### Exercise objective
Scan the records below for the line with "Shah Palace By OYO Rooms" and the line with "Sport court". Repeat those two lines and every line between them exactly, and nothing else.

### Data extract
=== Section Start ===

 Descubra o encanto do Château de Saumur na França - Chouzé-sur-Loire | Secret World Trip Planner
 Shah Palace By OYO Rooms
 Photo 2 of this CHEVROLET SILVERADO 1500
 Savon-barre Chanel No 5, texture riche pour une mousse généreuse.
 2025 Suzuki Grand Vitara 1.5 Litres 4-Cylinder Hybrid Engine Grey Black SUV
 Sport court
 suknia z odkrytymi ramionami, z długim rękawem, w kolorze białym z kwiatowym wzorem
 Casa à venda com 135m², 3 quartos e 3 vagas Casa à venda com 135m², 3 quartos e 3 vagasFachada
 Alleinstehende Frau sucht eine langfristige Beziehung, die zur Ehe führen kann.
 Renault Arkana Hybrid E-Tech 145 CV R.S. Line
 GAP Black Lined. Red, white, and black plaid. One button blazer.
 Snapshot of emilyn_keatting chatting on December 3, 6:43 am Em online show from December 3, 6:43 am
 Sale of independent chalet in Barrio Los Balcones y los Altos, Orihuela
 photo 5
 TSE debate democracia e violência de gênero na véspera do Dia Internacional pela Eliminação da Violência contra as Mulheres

=== Section End ===

### Solution for this task
 Shah Palace By OYO Rooms
 Photo 2 of this CHEVROLET SILVERADO 1500
 Savon-barre Chanel No 5, texture riche pour une mousse généreuse.
 2025 Suzuki Grand Vitara 1.5 Litres 4-Cylinder Hybrid Engine Grey Black SUV
 Sport court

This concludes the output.